Comment 1 Ernie Petrides 2005-08-03 20:38:31 UTC
Most of the log messages above come from ahd_dump_card_state()
in "aic7xxx" SCSI driver.

Comment 2 Tom Coughlan 2005-08-10 14:49:11 UTC
The aic79xx driver is called to process an interrupt. The driver determines it
is a PCI error (in ahd_pci_intr).

ahd_pci_intr prints "PCI error Interrupt", then dumps the state of the HBA.
(This is an extremely verbose output that the driver dumps routinely. It is
useless to anyone other than an aic79xx firmware/hardware expert). Next,
ahd_pci_intr determines that the error type is "Address or Write Phase Parity
Error Detected" and the "pci_status_source" is TARG. As far as I can tell, TARG
is a reference to a SCSI target. This is relevant because you (and the reporter
in bug 140311) do not have any SCSI targets attached.

This is apparently just noise caused by the fact that there is no attached SCSI
bus.
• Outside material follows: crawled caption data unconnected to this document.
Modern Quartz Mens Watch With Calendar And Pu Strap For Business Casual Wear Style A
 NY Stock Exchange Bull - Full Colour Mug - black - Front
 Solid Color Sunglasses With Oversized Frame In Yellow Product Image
It would be ideal for us to determine the source of this and stop it, but
as far as I can see, it is not a critical or dangerous situation. 



Comment 3 RHEL Program Management 2007-10-19 18:56:39 UTC
This bug is filed against RHEL 3, which is in maintenance phase.
During the maintenance phase, only security errata and select mission
critical bug fixes will be released for enterprise products. Since
this bug does not meet that criteria, it is now being closed.
 
For more information of the RHEL errata support policy, please visit:
http://www.redhat.com/security/updates/errata/
 
If you feel this bug is indeed mission critical, please contact your
support representative. You may be asked to provide detailed
information on how this bug is affecting you.